BigSQL and HDP upgrade

Problem
I spent several sleepless nights trying to resolve the really nasty problem. It happened after upgrade from HDP 2.6.4 and BigSQL 5.0 to HDP 3.1 and BigSQL 6.0. Everything runs smoothly, even BigSQL Healthcheck was smiling. The only exception was "LOAD HADOOP" command which failed. BigSQL can run on the top of Hive tables but it is an alternative SQL engine, it is using HCatalog service to get access to Hive tables. In order to ingest data into Hive tables, it launches a separate MapReduce task to accomplish the task.
An example command:
db2 "begin execute immediate 'load hadoop using file url ''/tmp/data_1211057166.txt'' with source properties (''field.delimiter''=''|'', ''ignore.extra.fields''=''true'') into table testuser.smoke_hadoop2_2248299375'; end" Closer examination of MapReduce logs brought up a more detailed error message.
Service org.apache.hadoop.mapreduce.v2.app.MRAppMaster failed in state INITED; cause: org.apache.hadoop.yarn.exceptions.YarnRuntimeException: java.lang.NumberFormatException: For input string: "30s"
Good uncle Google suggests that it could be caused by old MapReduce engine against new configuration files.
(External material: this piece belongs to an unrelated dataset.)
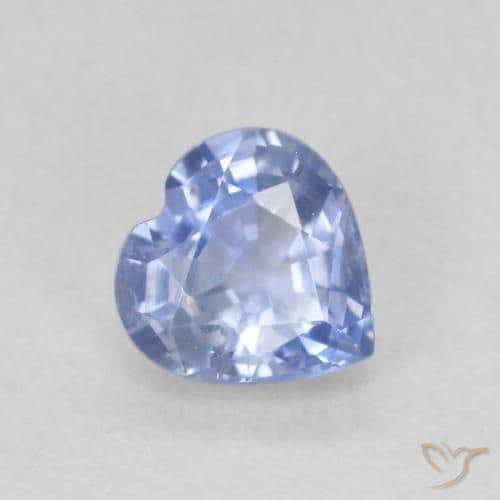 0.68ct Natural Pastel Blue Sapphire, Heart Shape, 5.3x5.2 mm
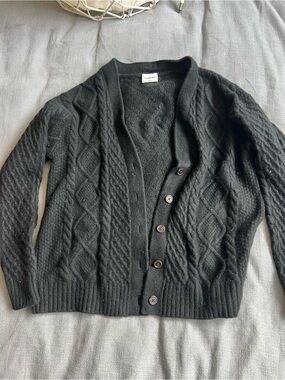 Sunday Best Black Cable-Knit Button Cardigan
But how could it happen since all stuff related to HDP 2.6.4 and BigSQL 5.0.0. was meticulously annihilated?
What is more, another HDP 3.1/BigSQL 6.0 installation is executing LOAD HADOOP command without any interruption. Comparing all configuration data between both environments did not reveal any difference.
After a more closer examination, I discovered that related to LOAD HADOOP MapReduce job is empowered by HDP 2.6.4 environment including legacy jar files, pay attention to 2.6.4.0-91 parameter.
exec /bin/bash -c "$JAVA_HOME/bin/java -server -XX:NewRatio=8 -Djava.net.preferIPv4Stack=true -Dhdp.version=2.6.4.0-91 -Xmx545m
Also, corresponding local cache seems to be populated by the old jar files.
ll /data/hadoop/yarn/local/filecache/14/mapreduce.tar.gz/hadoop/
drwxr-xr-x. 2 yarn hadoop 4096 Jan 4 2018 bin
drwxr-xr-x. 3 yarn hadoop 4096 Jan 4 2018 etc
drwxr-xr-x. 2 yarn hadoop 4096 Jan 4 2018 include
drwxr-xr-x. 3 yarn hadoop 4096 Jan 4 2018 lib
drwxr-xr-x. 2 yarn hadoop 4096 Jan 4 2018 libexec

-r-xr-xr-x. 1 yarn hadoop 87303 Jan 4 2018 LICENSE.txt
-r-xr-xr-x. 1 yarn hadoop 15753 Jan 4 2018 NOTICE.txt
-r-xr-xr-x. 1 yarn hadoop 1366 Jan 4 2018 README.txt
drwxr-xr-x. 2 yarn hadoop 4096 Jan 4 2018 sbin
drwxr-xr-x. 4 yarn hadoop 4096 Jan 4 2018 share

But how it could be possible when all remnants of old HDP were wiped out and no sign of any reference do 2.6.4 including running the grep command against any directory suspected of retaining this nefarious mark.
grep 2\.6\.4 /etc/hadoop -R
Solution
The nutcracker turned out to be BigSQL/DB2 dbset command.
db2set
DB2_BIGSQL_JVM_STARTARGS=-Dhdp.version=3.1.0.0-78 -Dlog4j.configuration=file:///usr/ibmpacks/bigsql/6.0.0.0/bigsql/conf/log4j.properties -Dbigsql.logid.prefix=BSL-${DB2NODE}
DB2_DEFERRED_PREPARE_SEMANTICS=YES
DB2_ATS_ENABLE=YES
DB2_COMPATIBILITY_VECTOR=40B
DB2RSHTIMEOUT=60
DB2RSHCMD=/usr/bin/ssh
DB2FODC=CORESHM=OFF
DB2_JVM_STARTARGS=-Xnocompressedrefs -Dhdp.version=2.6.4.0-91 -Dlog4j.configuration=file:///usr/ibmpacks/bigsql/5.0.4.0/bigsql/conf/log4j.properties -Dbigsql.logid.prefix=BSL-${DB2NODE}
DB2_EXTENDED_OPTIMIZATION=BI_INFER_CC ON
DB2COMM=TCPIP
DB2AUTOSTART=NO

Obviously, the DB2_JVM_STARTARGS took precedence over DB2_BIGSQL_JVM_STARTARGS and it was the reason why the old MapReduce framework was resurrected. The legacy jar files were downloaded from HFDFS /hdp/apps directory.
hdfs dfs -ls /hdp/apps
Found 2 items
drwxr-xr-x - hdfs hdfs 0 2019-10-07 22:09 /hdp/apps/2.6.4.0-91
drwxr-xr-x - hdfs hdfs 0 2019-10-12 00:16 /hdp/apps/3.1.0.0-78

The problem was sorted by a single command unsetting malicious DB2_JVM_STARTARGS variable and restarting BigSQL to take it into effect.
db2set DB2_JVM_STARTARGS=
I also removed /hdp/apps/2.6.4.0-91 HDFS directory to make sure that the vampire is ultimately killed.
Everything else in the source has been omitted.